Why separate the two categories? Bonfig thinks convertibles will stick closer to laptops in terms of performance, while not all hybrids with detachable screens will be as powerful.

“People will start to say ‘I have a convertible,’ as opposed to ‘I have a laptop,'” he said. “I think that language will start to catch on over time with the consumer.”


yeah, I'm waiting for the right convertible laptop. Obviously, the specs would be slightly lower than a traditional laptop, but i'm willing to pay the same price for the detachability. I don't want a laptop and a tablet in addition to my desktop. I guess I won't get it at BB. Since they seemed to have gotten it wrong. I agree with all the other people who commented, and I'm curious how 4Tiles likes his/her Envy X2 compared to Surface? Does the 11inch screen feel too big?

4Tiles 1 Like

This isn't an idle threat to Best Buy -- in the past 2 months I have purchased 4 hybrid Windows PC's from their retail competitors (HP Envy X2, Acer W510, Microsoft Surface, and Dell XPS 12). I checked the BB site repeatedly for hybrid PCs, but they had nothing to sell me, so I shopped at other retailers like Microsoft, Amazon, Dell, and HP. Foolish decisions like these will put Best Buy out of business.

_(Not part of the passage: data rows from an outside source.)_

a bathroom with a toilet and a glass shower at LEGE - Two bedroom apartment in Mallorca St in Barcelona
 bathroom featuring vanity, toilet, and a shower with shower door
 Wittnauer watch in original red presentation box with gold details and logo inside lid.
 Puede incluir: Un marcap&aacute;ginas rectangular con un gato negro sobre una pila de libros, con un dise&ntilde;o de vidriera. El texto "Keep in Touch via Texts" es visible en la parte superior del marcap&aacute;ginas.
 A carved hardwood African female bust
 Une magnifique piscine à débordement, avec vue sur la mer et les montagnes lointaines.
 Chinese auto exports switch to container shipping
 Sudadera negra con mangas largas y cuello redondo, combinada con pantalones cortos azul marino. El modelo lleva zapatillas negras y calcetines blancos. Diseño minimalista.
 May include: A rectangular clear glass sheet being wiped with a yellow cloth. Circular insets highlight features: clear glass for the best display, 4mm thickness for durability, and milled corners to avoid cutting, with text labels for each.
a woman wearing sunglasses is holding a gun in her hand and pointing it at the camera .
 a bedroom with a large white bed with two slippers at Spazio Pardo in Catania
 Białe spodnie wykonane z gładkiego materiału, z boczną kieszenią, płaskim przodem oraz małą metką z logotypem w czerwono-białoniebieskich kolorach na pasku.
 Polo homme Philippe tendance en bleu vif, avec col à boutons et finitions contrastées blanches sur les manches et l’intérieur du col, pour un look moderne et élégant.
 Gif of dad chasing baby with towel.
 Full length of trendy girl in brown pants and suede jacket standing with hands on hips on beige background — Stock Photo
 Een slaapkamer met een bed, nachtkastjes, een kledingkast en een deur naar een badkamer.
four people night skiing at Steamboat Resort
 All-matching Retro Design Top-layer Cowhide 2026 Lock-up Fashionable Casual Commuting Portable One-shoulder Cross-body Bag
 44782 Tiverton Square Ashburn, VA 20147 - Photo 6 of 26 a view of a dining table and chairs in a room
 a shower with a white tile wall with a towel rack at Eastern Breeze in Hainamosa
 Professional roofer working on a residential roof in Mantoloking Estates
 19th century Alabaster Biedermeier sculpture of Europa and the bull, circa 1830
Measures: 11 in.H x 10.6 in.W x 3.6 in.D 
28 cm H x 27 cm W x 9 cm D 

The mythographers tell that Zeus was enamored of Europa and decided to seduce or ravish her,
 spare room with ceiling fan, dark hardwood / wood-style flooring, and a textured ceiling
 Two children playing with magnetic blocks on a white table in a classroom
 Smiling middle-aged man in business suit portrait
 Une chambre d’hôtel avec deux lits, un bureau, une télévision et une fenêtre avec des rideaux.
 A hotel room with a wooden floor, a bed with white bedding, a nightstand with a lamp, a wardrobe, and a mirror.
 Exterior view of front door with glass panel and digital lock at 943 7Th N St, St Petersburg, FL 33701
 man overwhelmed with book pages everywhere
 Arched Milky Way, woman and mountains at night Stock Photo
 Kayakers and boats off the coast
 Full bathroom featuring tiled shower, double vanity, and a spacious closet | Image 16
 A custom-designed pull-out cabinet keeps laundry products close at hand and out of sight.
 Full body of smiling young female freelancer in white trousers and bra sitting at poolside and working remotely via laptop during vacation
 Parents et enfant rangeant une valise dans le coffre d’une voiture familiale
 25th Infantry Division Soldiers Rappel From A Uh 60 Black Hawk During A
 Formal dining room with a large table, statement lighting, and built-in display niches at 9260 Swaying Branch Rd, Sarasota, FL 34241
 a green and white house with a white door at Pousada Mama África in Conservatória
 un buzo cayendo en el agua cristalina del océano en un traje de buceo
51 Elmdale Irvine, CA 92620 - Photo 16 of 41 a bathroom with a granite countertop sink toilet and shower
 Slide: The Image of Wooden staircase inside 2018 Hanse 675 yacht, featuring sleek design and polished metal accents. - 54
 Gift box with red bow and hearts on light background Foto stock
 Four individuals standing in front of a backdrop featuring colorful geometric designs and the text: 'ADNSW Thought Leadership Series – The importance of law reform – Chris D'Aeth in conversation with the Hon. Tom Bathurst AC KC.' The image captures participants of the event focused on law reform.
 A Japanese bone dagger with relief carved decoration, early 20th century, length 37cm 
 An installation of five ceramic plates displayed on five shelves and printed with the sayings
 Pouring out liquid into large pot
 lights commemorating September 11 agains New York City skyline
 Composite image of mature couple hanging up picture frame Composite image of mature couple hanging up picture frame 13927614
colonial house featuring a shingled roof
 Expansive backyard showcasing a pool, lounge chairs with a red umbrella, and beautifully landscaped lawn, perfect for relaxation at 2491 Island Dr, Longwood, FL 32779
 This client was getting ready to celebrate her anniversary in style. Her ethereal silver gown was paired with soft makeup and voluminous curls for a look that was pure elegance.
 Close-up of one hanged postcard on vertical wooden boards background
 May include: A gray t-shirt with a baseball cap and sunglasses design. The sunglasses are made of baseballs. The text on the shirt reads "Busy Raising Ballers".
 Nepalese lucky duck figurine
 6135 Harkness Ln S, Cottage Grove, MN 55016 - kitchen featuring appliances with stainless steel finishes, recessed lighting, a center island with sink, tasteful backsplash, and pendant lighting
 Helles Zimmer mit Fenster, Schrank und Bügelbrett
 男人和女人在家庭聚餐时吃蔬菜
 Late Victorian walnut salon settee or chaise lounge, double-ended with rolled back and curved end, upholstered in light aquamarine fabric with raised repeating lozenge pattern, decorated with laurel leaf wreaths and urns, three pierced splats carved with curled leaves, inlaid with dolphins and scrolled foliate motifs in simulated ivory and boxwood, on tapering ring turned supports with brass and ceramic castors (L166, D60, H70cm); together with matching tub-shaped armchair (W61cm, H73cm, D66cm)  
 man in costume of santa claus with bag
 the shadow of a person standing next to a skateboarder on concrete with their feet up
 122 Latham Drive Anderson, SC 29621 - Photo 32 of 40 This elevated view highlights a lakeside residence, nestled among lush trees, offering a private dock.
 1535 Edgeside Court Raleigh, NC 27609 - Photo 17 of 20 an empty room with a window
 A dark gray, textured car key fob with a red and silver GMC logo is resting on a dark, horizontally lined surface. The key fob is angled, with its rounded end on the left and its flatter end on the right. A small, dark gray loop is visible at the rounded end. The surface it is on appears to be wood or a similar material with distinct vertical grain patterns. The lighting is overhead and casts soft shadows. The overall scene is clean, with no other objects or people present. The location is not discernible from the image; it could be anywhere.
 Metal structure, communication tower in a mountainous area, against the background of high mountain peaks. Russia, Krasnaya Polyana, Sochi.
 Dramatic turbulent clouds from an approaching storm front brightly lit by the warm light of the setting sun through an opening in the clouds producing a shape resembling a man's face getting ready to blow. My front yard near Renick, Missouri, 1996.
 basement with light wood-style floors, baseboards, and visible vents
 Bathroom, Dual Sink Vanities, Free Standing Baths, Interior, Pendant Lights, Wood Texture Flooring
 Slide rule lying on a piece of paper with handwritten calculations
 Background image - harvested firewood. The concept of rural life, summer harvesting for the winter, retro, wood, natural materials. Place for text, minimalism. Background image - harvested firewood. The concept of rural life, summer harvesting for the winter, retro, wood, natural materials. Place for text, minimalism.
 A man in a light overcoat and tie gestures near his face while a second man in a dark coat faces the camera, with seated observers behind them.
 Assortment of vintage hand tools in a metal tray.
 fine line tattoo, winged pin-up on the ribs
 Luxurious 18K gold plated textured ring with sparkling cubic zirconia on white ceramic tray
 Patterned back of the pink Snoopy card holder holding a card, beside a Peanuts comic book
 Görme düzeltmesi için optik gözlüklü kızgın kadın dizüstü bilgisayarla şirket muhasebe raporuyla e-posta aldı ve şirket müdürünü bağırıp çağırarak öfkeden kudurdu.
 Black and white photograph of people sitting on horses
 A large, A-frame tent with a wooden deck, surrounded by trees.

The transformer hybrid design is a clear value proposition and a major innovation in the world of computers. It combines the best functionality of an ultrabook with a tablet and doubles the battery life. Best Buy simply doesn't want to sell you one device when they would rather sell you both a tablet and a laptop. Consumers are not stupid and there are other shops in town.

skyledavisbooks 1 Like

The logic here seems slightly flawed to me, like someone is looking at traditional buying practices (performance over form) and not considering that practices might change as new form factors become available.

Also, it's not taking into account the "sale boosting" effect that Windows tablets could have for touch screen laptops. I think there will certainly be a number of people that ultimately opt for a touchscreen laptop, but that number could increase if they first play with a tablet. I can imagine someone considering a tablet, seeing the Windows 8 tablets, playing with it, and then saying, "You know, a touch screen ultrabook might be the way to go for me! The best of both worlds!" They use the tablet, want the keyboard, and then go with the touch screen laptop. 

And then those that want Windows 8 tablets can buy them too. Availability creates demand. I mean, I was just in a Best Buy today. I saw two guys check out the (WAY overpriced) ASUS VivoTab RT, which is the only Windows tablet there. They seemed to like it but don't want to pay $600 bucks for RT (stupid pricing move, ASUS). They were walking out the store before I stopped them and started up a conversation. I told them about the Acer Iconia W510 (which you can get for $399), and they seemed really, sincerely interested. If that tablet had been in the store, they might have been walking out with it. As it is, the Microsoft Store will likely be getting their money, either for the Acer or for a Surface Pro.

bodzi1 1 Like

'there are more p.c users since windows xp launched so you'll expect sales to be  more' logical is that? In a saturated market? You expect more sales..... who hired U?

BrentonKlassen 2 Like

I would buy a convertible with a detachable screen!  C'mon Best Buy, give us some tablets!